Complaint of Patient F  
 
In May 2016, the College received a complaint from Patient F expressing concerns that Dr. Syed failed to 
provide appropriate assessment, diagnosis and treatment when she attended the walk-in clinic with 
gynaecological concerns about a growth. Dr. Syed did not conduct a physical examination of the patient and 
proceeded to prescribe her medication without adequate explanation. The patient consulted a pharmacist, 
who expressed some disagreement with the prescription. As a result, the patient did not fill the complete 
prescription.  
 
The College retained an expert who reviewed the standard of care provided by Dr. Syed to Patient F. The 
expert concluded, in part, that the care provided by Dr. Syed did not meet the standard of the profession.  
The expert noted that the patient's concern was of the lesion on her labia, and it is standard practice to 
examine this lesion. According to the expert, sometimes a physician may defer exam, but this would be 
based on agreement with the patient, which was not the case in this instance.
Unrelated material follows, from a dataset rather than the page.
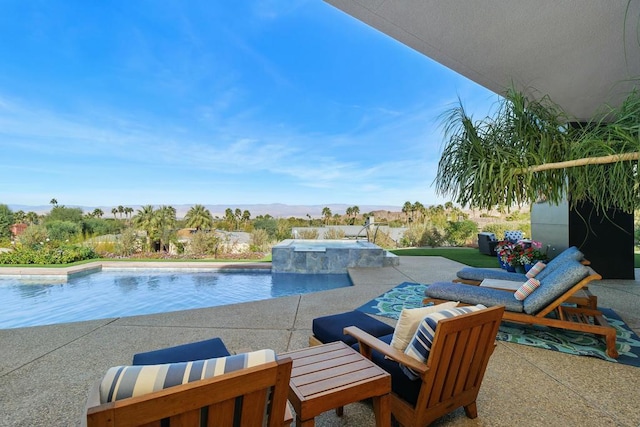 view of pool with a patio and an in ground hot tub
Regarding the concern about 
the prescription provided, the expert noted that for a typical yeast infection, a patient may potentially be 
prescribed Diflucan 150mg for one day and/or a topical treatment (such as the Terazol 7), while Dr. Syed 
prescribed Diflucan for seven days along with a repeat. According to the expert, this is a definite concern, as 
it is not the standard treatment for a common yeast infection (as Dr. Syed implied it was in his letter). The 
expert further noted that Patient F’s short visit demonstrated concerns regarding the knowledge, skill and 
judgment provided by Dr. Syed. According to the expert, there is reason to believe that Dr. Syed's clinical 
practice may expose patients to harm or injury, as examination of patients is vital to the correct diagnosis 
and that the prescription provided in the case of Patient F appears to be excessive and may cause harm to the 
patient. However, the expert noted that this is one short encounter, and may not be indicative of Dr. Syed's 
overall practice style. 
 
The Interim Order of the the Inquiries, Complaints and Reports Committee (ICRC) 
 
On February 14, 2017, the ICRC directed the Registrar to impose terms, conditions and limitations on Dr. 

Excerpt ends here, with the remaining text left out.